In this exercise, print only the lines of the records below from the one with "Внедорожник / Кроссовер Kia Niro 2020 в Стрые фото" through the one with "Perwakilan mahasiswa UIN", inclusive. Pictures are not part of the copy.

Top of Provided information

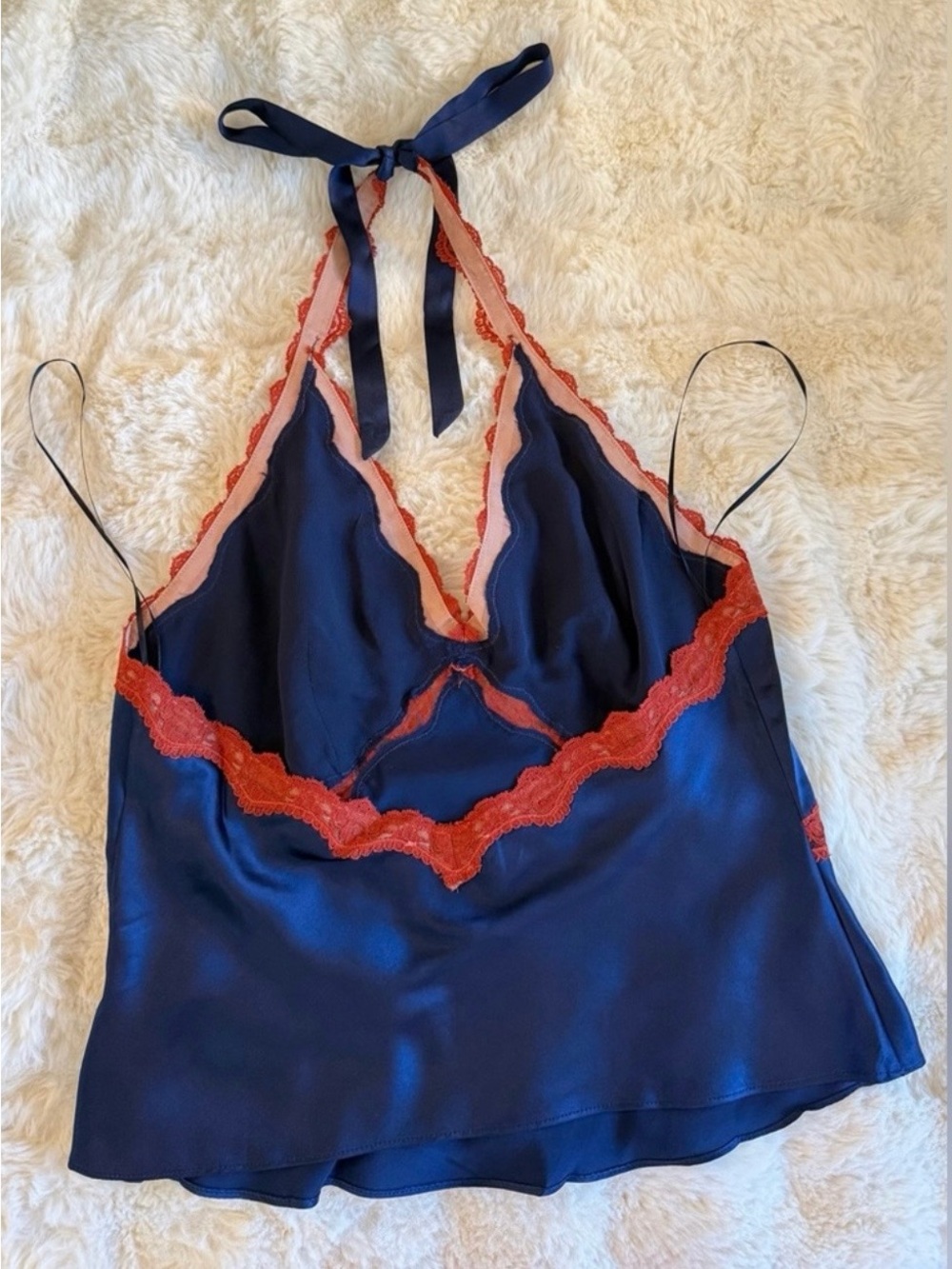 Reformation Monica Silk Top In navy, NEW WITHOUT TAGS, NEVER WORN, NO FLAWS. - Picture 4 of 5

Bottom of Provided information
Top of Provided information

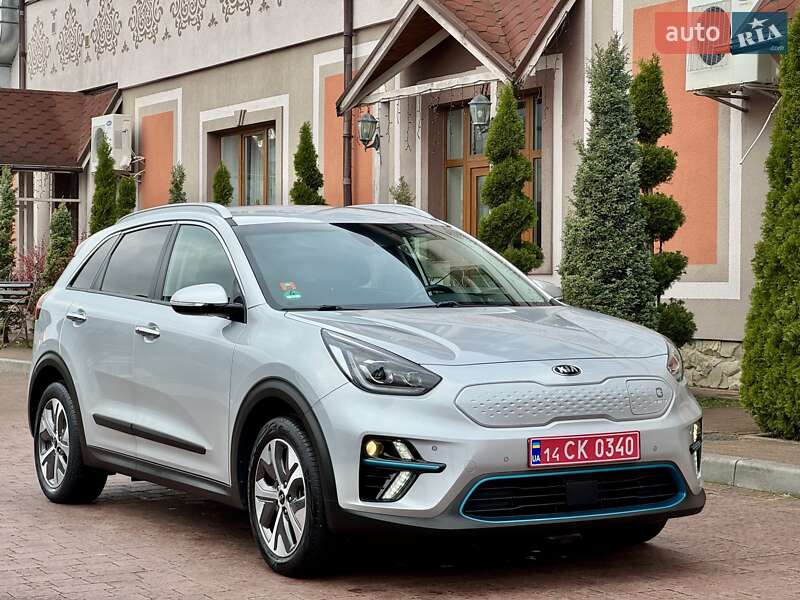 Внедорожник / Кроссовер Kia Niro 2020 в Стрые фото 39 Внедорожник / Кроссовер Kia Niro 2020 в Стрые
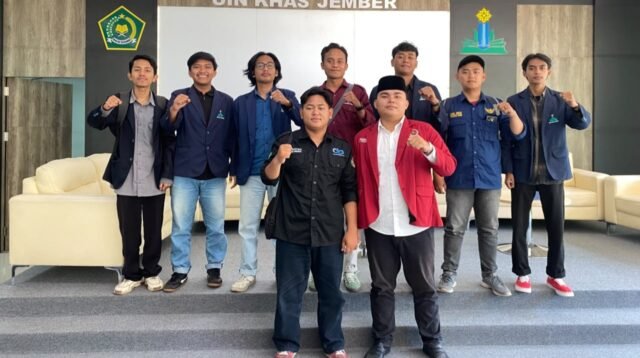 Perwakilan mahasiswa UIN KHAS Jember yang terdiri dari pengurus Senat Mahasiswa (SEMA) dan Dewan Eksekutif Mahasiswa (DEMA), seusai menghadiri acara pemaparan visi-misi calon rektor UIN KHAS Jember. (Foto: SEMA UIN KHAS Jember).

Bottom of Provided information

# Reply
 Внедорожник / Кроссовер Kia Niro 2020 в Стрые фото 39 Внедорожник / Кроссовер Kia Niro 2020 в Стрые
 Perwakilan mahasiswa UIN KHAS Jember yang terdiri dari pengurus Senat Mahasiswa (SEMA) dan Dewan Eksekutif Mahasiswa (DEMA), seusai menghadiri acara pemaparan visi-misi calon rektor UIN KHAS Jember. (Foto: SEMA UIN KHAS Jember).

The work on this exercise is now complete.